Despite the drumming of the rain, Joe felt his heart whump in his chest.
He called out, “Nate, where are you?”
Then he saw him. Downstream, where he’d been hiding and watching in a thick stand of reeds. The reeds were dancing around him with falling rain. Nate rose from them, naked, holding his huge .454 Casull in his right fist. Joe didn’t even want to ask.
“Have you come to kill me?” Nate called out.
“No.”
“I deserve it.”
“I know you do.”
“I wouldn’t blame you if you did,” Nate said.
They stared at each other for a minute. Nate was slick with rain and his white skin was mud streaked from hiding in the bog. His long blond hair stuck to the tops of his shoulders. His eyes bored into Joe.
Nate had once vowed to protect Joe’s family. Joe had promised to keep Nate’s birds fed. Despite everything that had happened, both had lived up to their obligations, something greater than mere friendship.
Joe said, “Why don’t you put on some clothes?”
25
J. W. KEELEY DIDN’T LIKE THE WAY HANK SCARLETT was talking to him. He didn’t like it at all.

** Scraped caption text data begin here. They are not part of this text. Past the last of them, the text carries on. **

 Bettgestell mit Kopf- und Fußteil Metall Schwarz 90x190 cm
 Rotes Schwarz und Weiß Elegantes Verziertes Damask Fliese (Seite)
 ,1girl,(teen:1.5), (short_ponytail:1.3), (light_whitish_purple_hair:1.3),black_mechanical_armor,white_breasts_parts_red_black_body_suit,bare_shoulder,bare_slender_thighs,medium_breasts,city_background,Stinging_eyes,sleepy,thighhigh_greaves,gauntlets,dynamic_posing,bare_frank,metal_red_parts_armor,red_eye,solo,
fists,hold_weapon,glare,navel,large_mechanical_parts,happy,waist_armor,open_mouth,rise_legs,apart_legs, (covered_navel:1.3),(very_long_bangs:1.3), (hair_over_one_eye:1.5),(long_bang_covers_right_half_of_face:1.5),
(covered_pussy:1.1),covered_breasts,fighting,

The rest of Hank’s men had been dismissed from the dinner table—only he and Hank remained. The men had gone back to their bunkhouse a mile from Hank’s lodge. They had grumbled through a huge steak dinner about the rain, how it had knocked out their telephone service in the bunkhouse and how the lights kept going on and off. Especially annoying was the fact that the cable was out for television and they would miss the third game of the NBA playoffs. And the worst thing of all was the news that the river had jumped its banks and was flooding the roads to the highway. The men would be trapped on the ranch until the water receded, so they couldn’t even go to town to see the game. They had complained without quarter until Hank finally pushed away from the table, threw his napkin onto his plate as if spiking a football, and said in his loudest and most nasally voice, “Why don’t you boys just get the hell out of my house and go bitch somewhere else?”
That had shut them up, all right.
“Not you, Bill,” Hank had said. So Monroe sat back down at the table.

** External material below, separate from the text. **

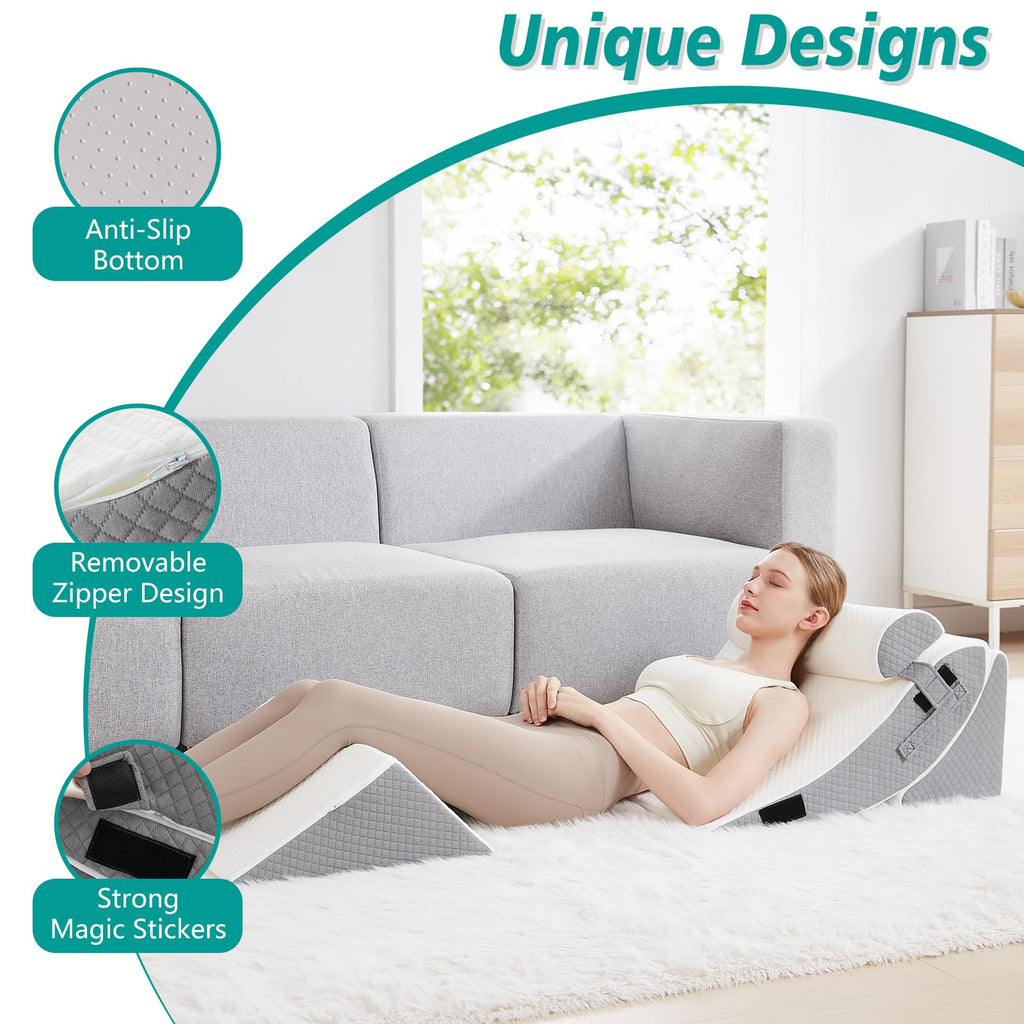 Longering 4PCS Orthopedic Bed Wedge Pillow Set for Post Surgery - Adjustable Wedge Pillow for Neck Back and Leg Pain Relief - Triangle Pillow Wedge for Acid Reflux & Sleeping & GERD (White Grey)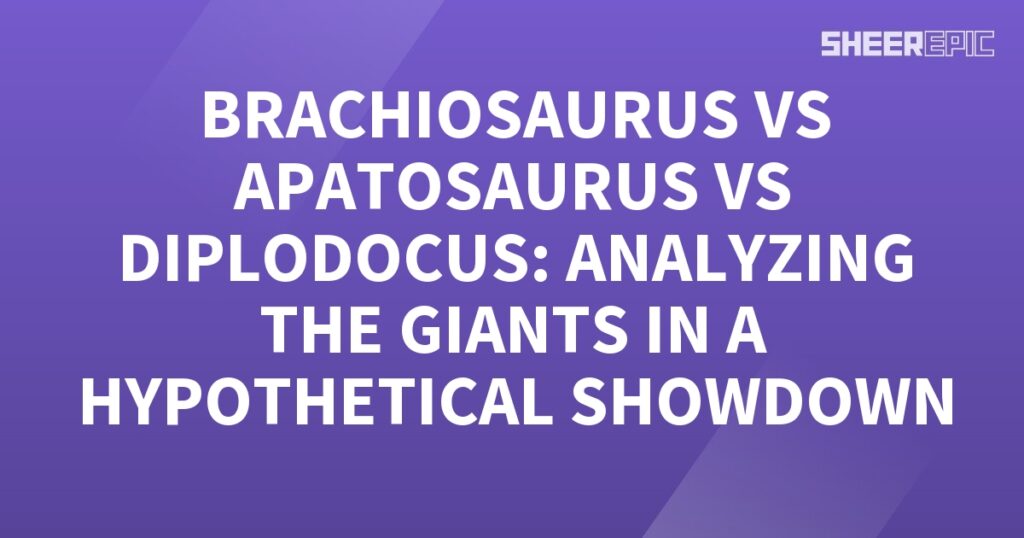 Comparing Brachiosaurus and Apatosaurus in a hypothetical show.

Because the electricity was out again, the dining room was lit by three hissing Coleman gas lanterns. The light played on Hank’s face, making the shadowed hollows under his cheekbones look skull-like and cavernous. The glass eyes on the head mounts of the game animals on the walls glowed with reflection.
That’s when Hank began to annoy him, chipping away with that damned high voice, each word dropping like a stone in a pond, plunk-plunk-plunk.
“You need to stay away from that game warden,” Hank said.
Keeley had told Hank and the boys the story over their thick steaks: how he’d dropped the buck right in front of the game warden, then watched the warden’s truck break down in an aborted hot pursuit. The boys had laughed. A couple of them had laughed so hard that Keeley considered spilling the beans on the other things he’d done to get under the warden’s skin. Luckily, he held his tongue, because that would have led to too many questions. Hank had appeared to be smiling, but now Keeley understood that it hadn’t been a smile at all. It was too damned tough to tell if Hank was smiling or not. That was just one of the things wrong with the man.